Symmetric encryption is what AES does. It protects your disk (FileVault, BitLocker), your HTTPS traffic (TLS), your messages (Signal, WhatsApp), and your VPN tunnels. Everything starts here.
A good symmetric cipher gives you three guarantees. Confidentiality: when used correctly (with a proper mode of operation), the ciphertext reveals nothing about the plaintext without the key. Uniqueness: different plaintexts produce different ciphertexts. Reversibility: decrypting with the correct key always recovers the original.
Notice what is not promised. Encryption alone does not tell you whether someone tampered with the ciphertext. An attacker can flip bits, rearrange blocks, or truncate the message, and decryption will happily produce garbage without raising an alarm. That problem is solved in Chapter 6.
A block cipher encrypts a fixed-size chunk of data using a key. AES operates on 128-bit (16-byte) blocks. It is a permutation: every possible input maps to a unique output, and the process reverses with the same key.

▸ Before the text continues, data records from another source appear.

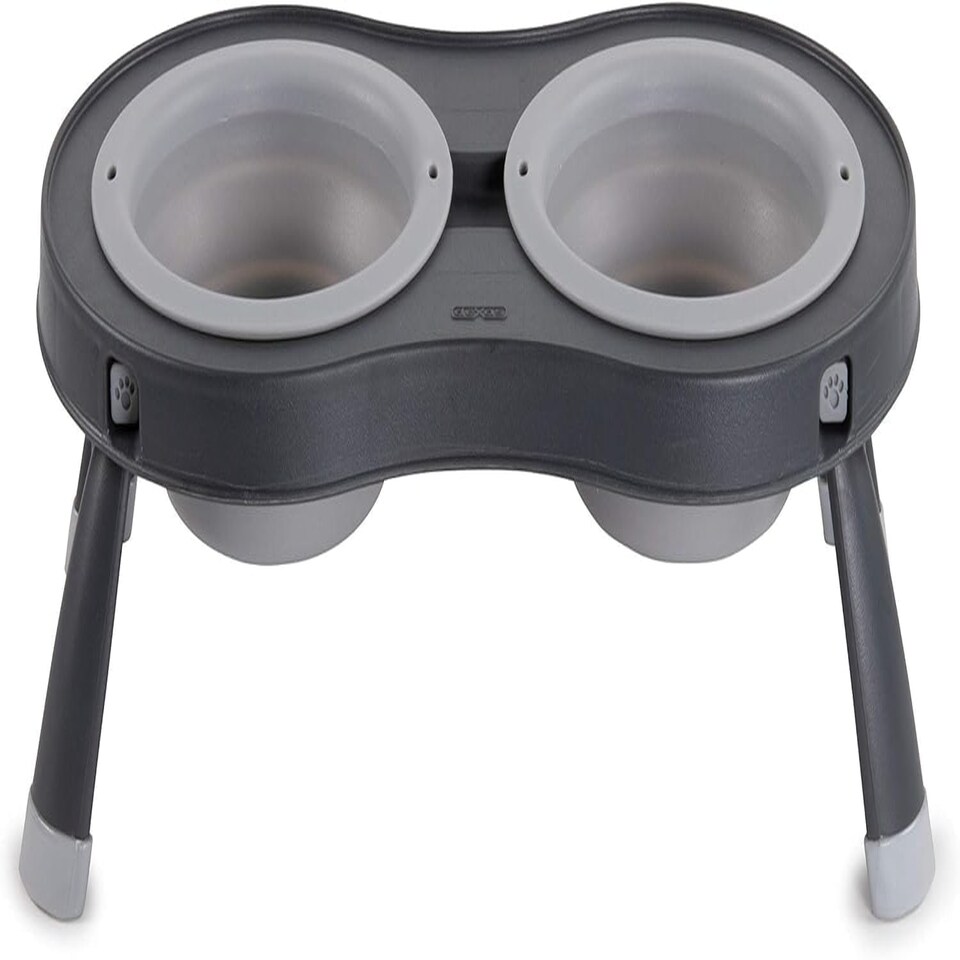Dexas Double Elevated Feeder Large Light Grey Grey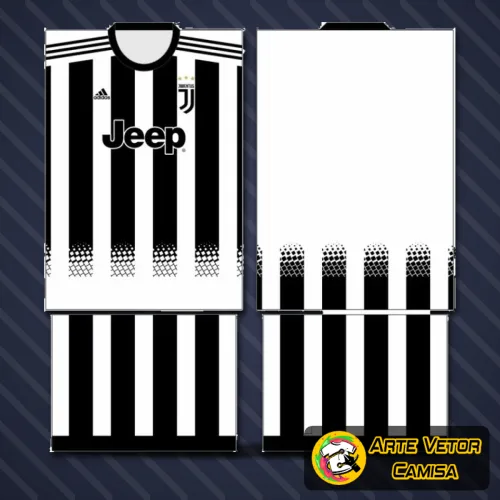 Camisa com logo da Juventus no peito e estampa grande nas costas, exibindo design moderno e vibrante que destaca a paixão pelo futebol de forma estilosa e impactante.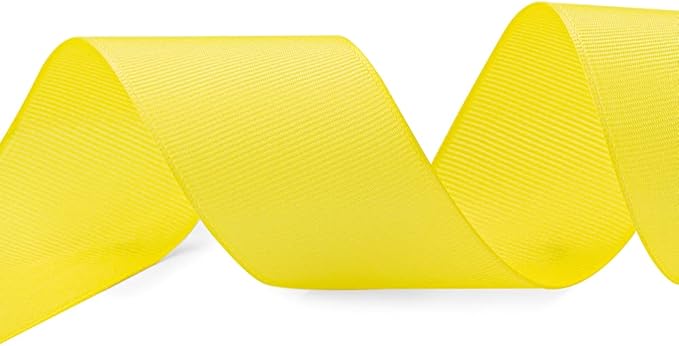 LIUYAXI 2" X 50 Yards Solid Yellow Grosgrain Ribbon, Perfect for Crafts, Wedding Decor, DIY Hair Accessories, Sewing, Gift Package Wrapping and More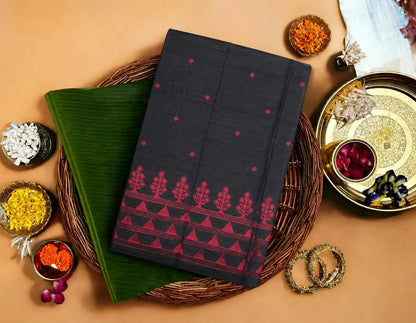 Black Cotton Tangail Handloom Saree with Magenta Tree Motif Border
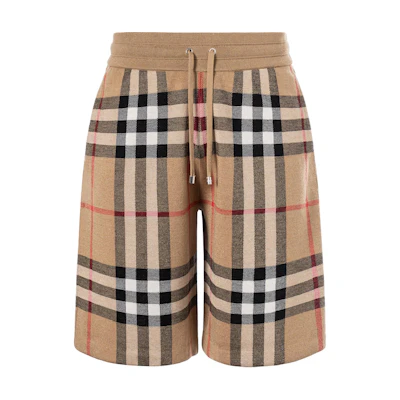 Burberry Checkered Jacquard Silk-Blend Drawstring Shorts Men - Archive Beige. 80435721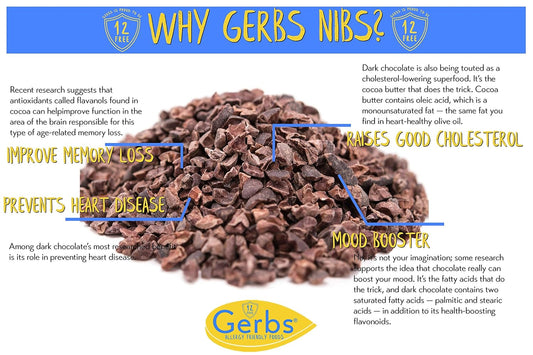 GERBS Cacao Nibs, 2lb. Bag, Top 14 Food Allergy Free, Fair Trade, NON GMO, Keto, Paleo Friendly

The Advanced Encryption Standard (AES) is the universally used block cipher. It supports key sizes of 128, 192, and 256 bits. Modern CPUs have dedicated hardware instructions that make AES essentially free in terms of performance.
Internally, AES applies multiple rounds of substitution, shifting, and XOR mixing. After 10+ rounds, changing a single input bit avalanches across every output bit. Same principle as hash functions, applied as a reversible transformation.
AES always processes exactly 16 bytes at a time. Longer messages need a mode of operation to handle multiple blocks. Shorter messages need padding.
With one key, AES maps each possible 128-bit input to a unique 128-bit output. A different key produces a completely different mapping. The key is the secret.
Same key plus same plaintext block always equals the same ciphertext block. This is by design, but it creates a serious problem when encrypting multiple blocks independently.
Type a message, pick a mode, and watch the ciphertext update in real time. Don't worry about what CBC and CTR mean yet. They are explained in Section 06. For now, just notice how changing a single character transforms the entire ciphertext.
Type a message, pick a mode, and watch the ciphertext update in real time. Change a single character and see how the entire output changes.
CBC adds PKCS#7 padding so the ciphertext is always a multiple of 16 bytes. A 20-byte message produces 32 bytes of ciphertext.
AES encrypts one 16-byte block at a time. The simplest approach is to encrypt each block separately. This is called ECB mode (Electronic Codebook). It is catastrophically insecure for almost all real data.
Because AES is deterministic, identical plaintext blocks produce identical ciphertext blocks. If your message contains repeated patterns (and real data almost always does), those patterns survive encryption unchanged.
The classic demonstration: encrypt a bitmap image in ECB mode. The colors are scrambled, but the shape is perfectly visible. The structure of the data leaks through because identical pixel blocks map to identical ciphertext blocks. This is not encryption in any meaningful sense.
Instead of encrypting blocks independently, a stream cipher generates a keystream (a sequence of random-looking bytes) from the key and a nonce, then XORs it with the plaintext byte by byte (recall XOR from Chapter 1). This is what AES-CTR mode does: it turns the AES block cipher into a stream cipher.
Each block position gets a unique counter value. The counter is encrypted to produce keystream, and the keystream is XORed with the plaintext. No padding needed. Ciphertext is the same length as plaintext. But the nonce must never repeat with the same key, as we saw in Chapter 4.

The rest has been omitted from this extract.